I wanted to revisit it for a few reasons. The first one is that the Cortex library has progressed and improved considerably over the last year. It’s still not at version 1.0, but it my eyes, it’s really starting to shine. The second reason is that they recently published an example of using the RESNET50 model, (I’ll explain later on), to do fine-tuning or transfer learning. The third reason, is that there is a great new plugin for leiningen the supports using Jupyter notebooks with Clojure projects. These notebooks are a great way of doing walkthroughs and tutorials.

Putting all these things together, I felt like I was finally at a stage where I could somewhat replicate the first lesson in the Practical Deep Learning Course for Coders with Cats and Dogs - although this time all in Clojure!

Where to Start?

In the last blog post, we created our deep learning network and trained the data on scaled down images (like 50x50) from scratch. This time we are much smarter.

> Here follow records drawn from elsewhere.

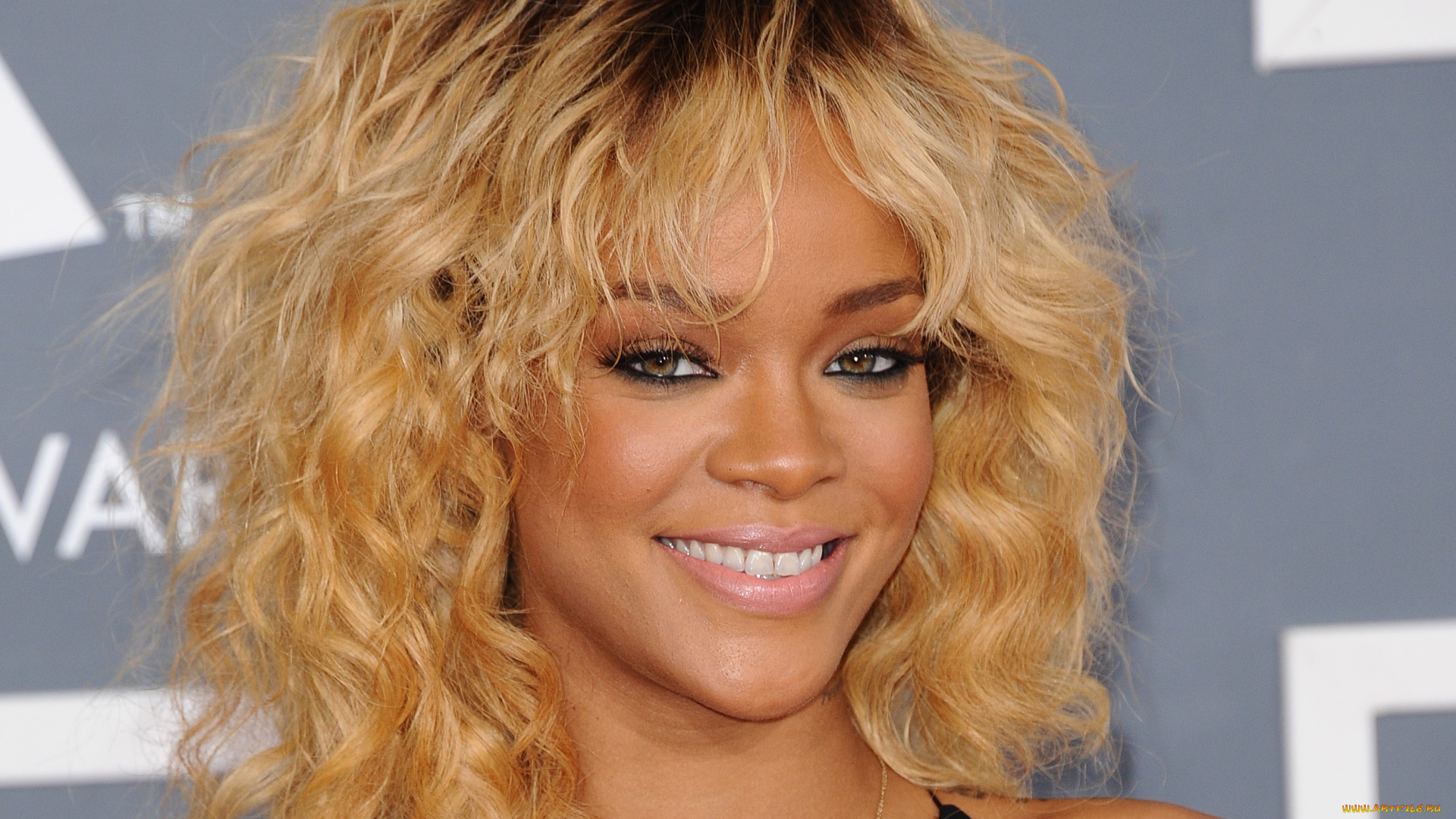 rihanna, музыка, певица, продюсер, автор, песен, филантроп, актриса, r, n, b, дэнсхолл, регги, сша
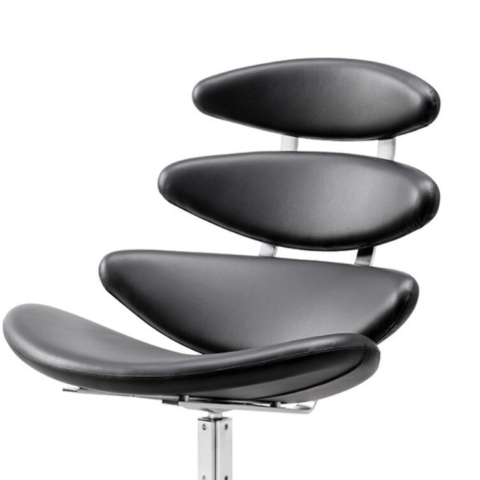 A Beautiful, Perfect and Comfortable Seat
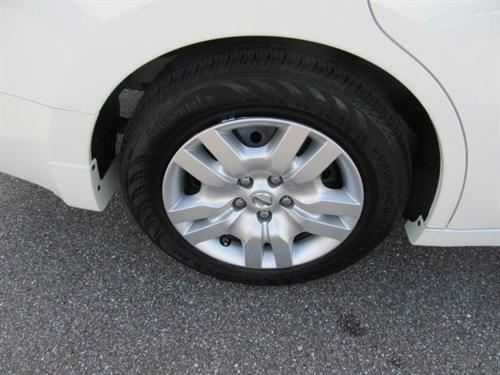 Nissan Altima 2011 photo 4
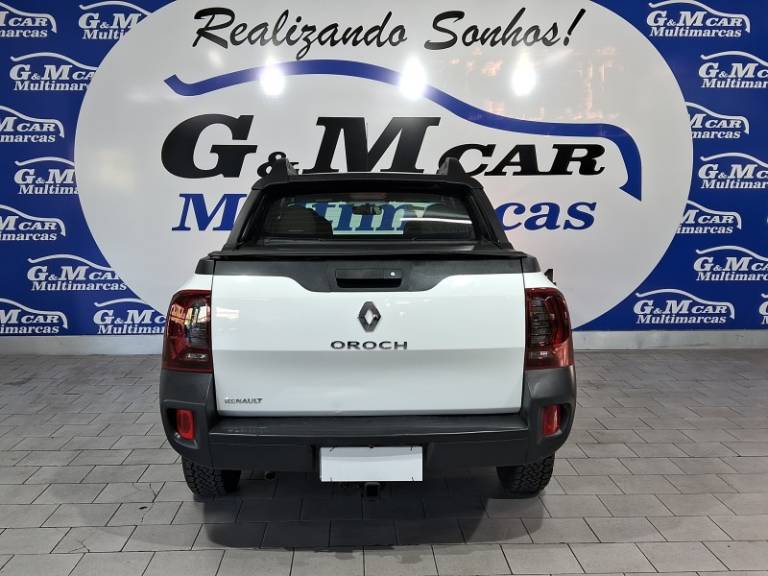 RENAULT - OROCH - 2016/2017 - Branca - R$ 73.900,00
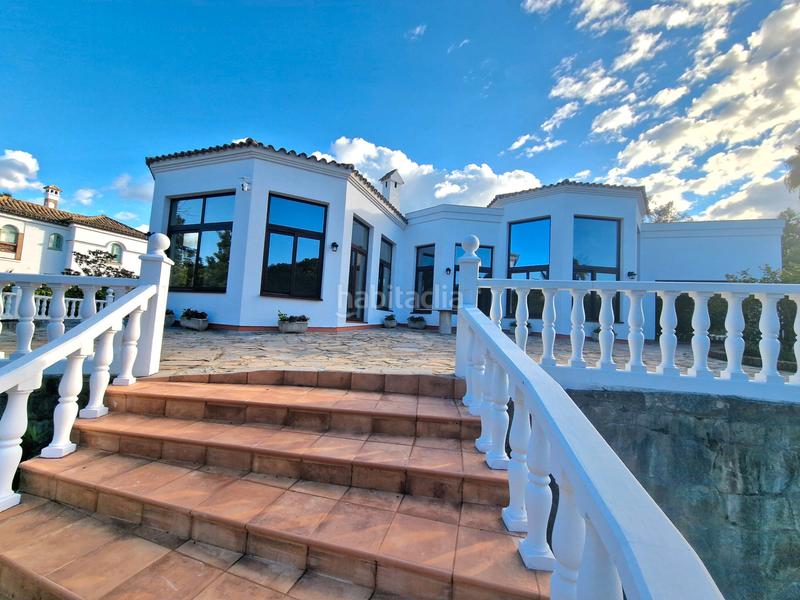 Foto 66f16f91-5234-4865-aaa0-4a966932ceb7. Maison avec parking piscine dans Sotogrande alto Sotogrande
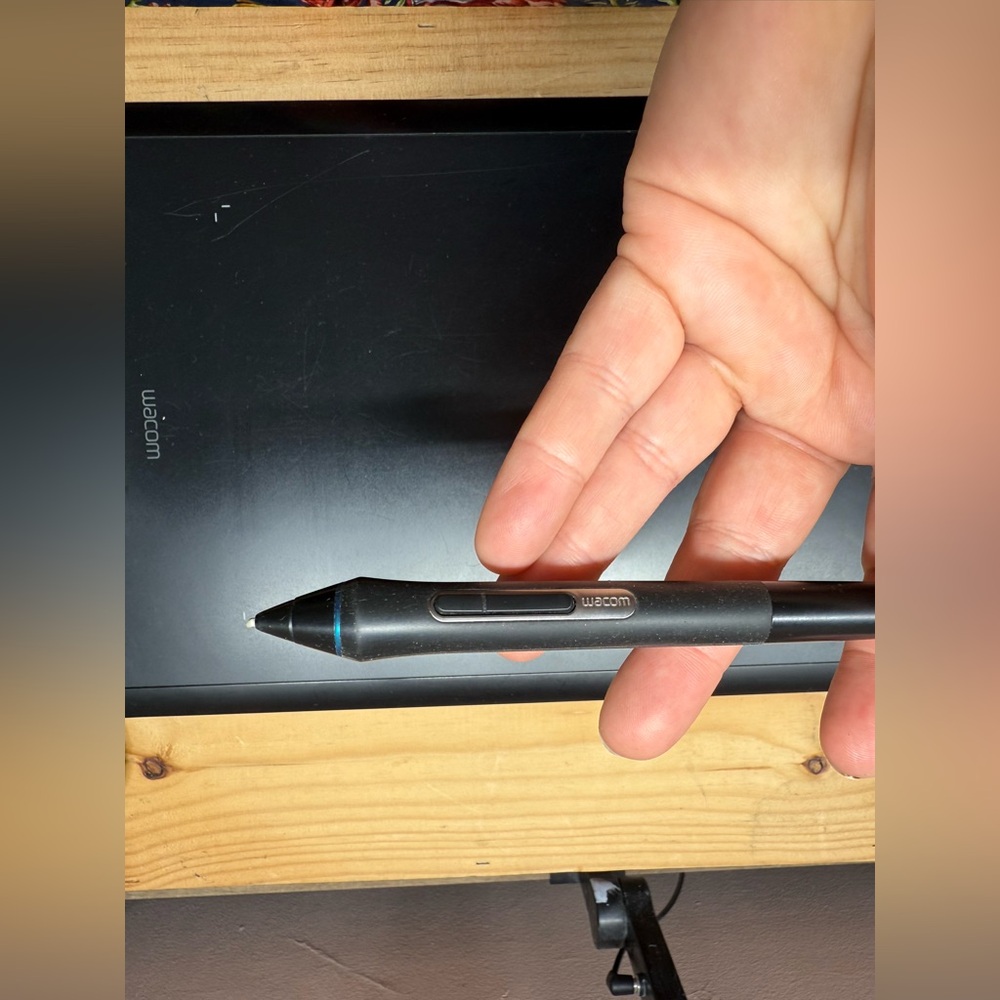 GUC Wacom Intuos Pro Tablet, Model PTH-660 - Picture 5 of 6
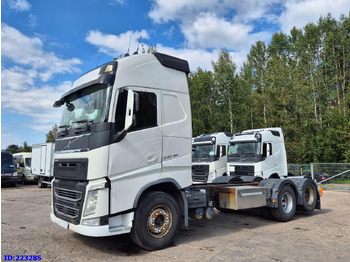 Kamion sa golom šasijom i zatvorenom kabinom VOLVO FH13 540
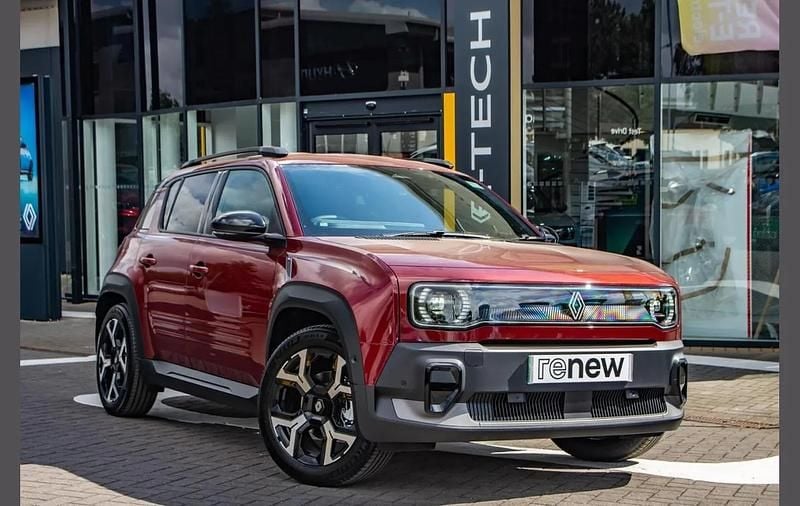 Red Used 2025 Renault R4 Komfort SUV | £26,995 - Image 1/4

We are still of course going to have to get a hold of all the training data from Kaggle Cats vs Dogs Challenge. The big difference is this time, we are just going to have to train our model for 1 epoch. What’s more, the results will be way better than before.

How is this possible? We are going to use an already trained model, RESNET50. This model has already been painstakingly trained with a gigantic network that is 50 layers deep on the ImageNet challenge. That’s a challenge that has models try to classify a 1000 different categories. The theory is that the inner layers of the network have already learned about the features that make up cats and dogs, all we would need to do is peel off the final layer of the network and graft on a new layers that just learns the final classification for our 2 categories of cats and dogs. This is called transfer learning or retraining.

Plan of Action

Get all the cats and dogs pictures in the right directory format for training
Train the model with all but the last layer in the RESNET model. The last layer we are going to replace with our own layer that will finetune it to classify only cats and dogs
Run the test data and come up with a spreadsheet of results to submit to Kaggle.

Getting all the data pictures in the right format

This is the generally the most time consuming step of most deep learning. I’ll spare you the gritty details but we want to get all the pictures from the train.zip into the format

-data
  -cats-dogs-training
      -cat
          1110.png
          ...
      -dog
          12416.png
          ...
  -cats-dogs-testing
      -cat
          11.png
          ...
      -dog
          12.png
          ...

The image sizes must also all be resized to match the input of the RESNET50. That means they all have to be 224x224.

Train the model

The cortex functions allow you to load the resnet50 model, remove the last layer, freeze all the other layers so that they will not be retrained, and add new layers.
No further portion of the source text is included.